Primer Diff Classification

❌ 5 regression(s) | 5 project(s) total | +38 errors

5 regression(s) across freqtrade, pandas-stubs, pandas, werkzeug, core. error kinds: unsupported-operation, assert-type failures with Never, unsupported-operation false positives. caused by is_never(), try_dunder_call_pairs().

Project Verdict Changes Error Kinds Root Cause
freqtrade ❌ Regression +1 unsupported-operation pyrefly/lib/alt/operators.rs
pandas-stubs ❌ Regression +33 assert-type failures with Never pyrefly/lib/alt/operators.rs
pandas ❌ Regression +1 unsupported-operation try_dunder_call_pairs()
werkzeug ❌ Regression +2 NoReturn dunder methods treated as NotImplementedType pyrefly/lib/alt/operators.rs
core ❌ Regression +1 unsupported-operation is_never()
Detailed analysis

❌ Regression (5)

freqtrade (+1)

This is a false positive (regression). The values at dataframe.at[index, 'ask'] and dataframe.at[index, 'bid'] were just assigned numeric values (results of np.where(...).sum()) on lines 172-173. The subtraction on line 175 is perfectly valid at runtime. Pyrefly is incorrectly inferring the types as date and Timestamp — likely because DataFrame.at has a very broad return type annotation that includes many possible types, and the new operator resolution logic is now surfacing errors for union members that don't support subtraction, whereas before it found a successful resolution path.
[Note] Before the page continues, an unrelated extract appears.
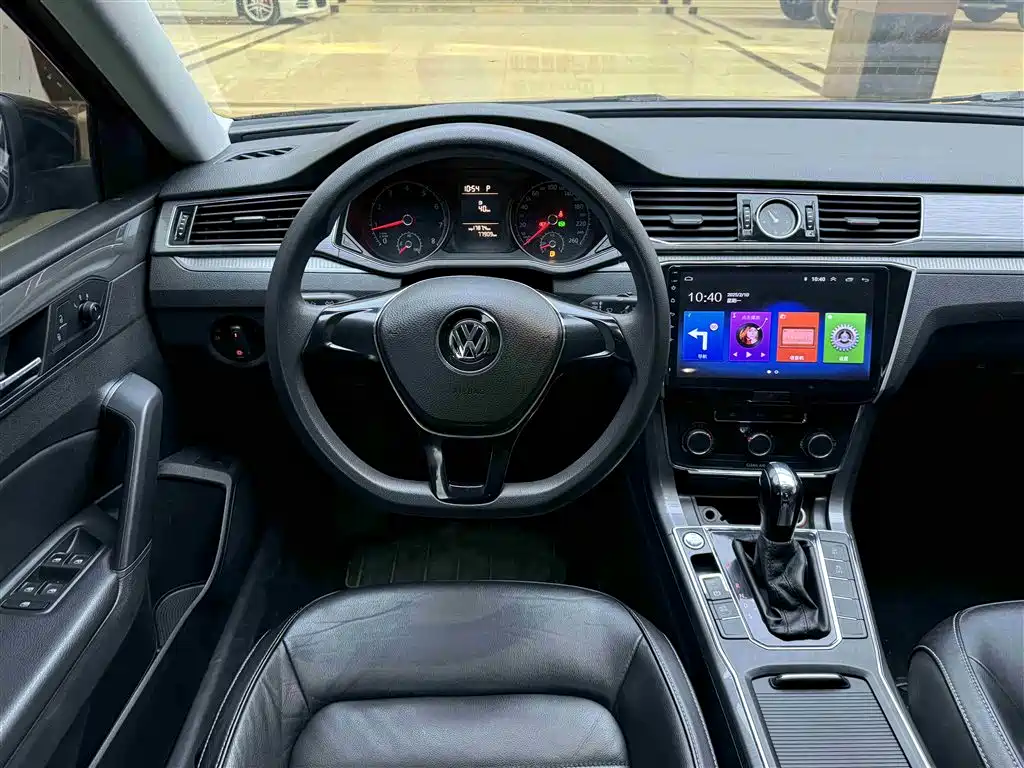 Volkswagen Passat 2017 330TSI DSG Prestige фото 10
Neither mypy nor pyright flag this. The PR's change to operator resolution in pyrefly/lib/alt/operators.rs altered how union types interact with binary operators, causing this spurious error.
Attribution: The change in pyrefly/lib/alt/operators.rs modified the binary operator resolution logic. The new code strips NotImplementedType branches from return types and continues searching reflected dunders. This changed how operator return types are resolved. In this case, the - operator between the results of dataframe.at[index, 'ask'] and dataframe.at[index, 'bid'] is being resolved differently. The DataFrame.at accessor likely returns a union type that includes date and Timestamp among other possibilities. Previously, the operator resolution may have found a successful path early and returned. Now, with the NotImplementedType stripping logic, the resolution path changed — when a dunder returns NotImplementedType | <concrete>, the concrete part is accumulated and the search continues, potentially leading to different error reporting when some union members don't support the operator.

pandas-stubs (+33)

assert-type failures with Never: The PR's NotImplementedType stripping logic changes the inferred return type of binary operations. The stubs tests assert these operations should resolve to Never (indicating invalid usage), and mypy/pyright agree. Pyrefly now infers a different type, causing 29 false assert-type failures. This is a regression.
unsupported-operation false positives: 4 operations between pd.Index[bool] and numpy bool arrays now produce unsupported-operation errors that didn't exist before and aren't flagged by mypy/pyright. The PR's new logic for stripping NotImplementedType and continuing to search reflected dunders is incorrectly concluding these operations are unsupported. This is a regression.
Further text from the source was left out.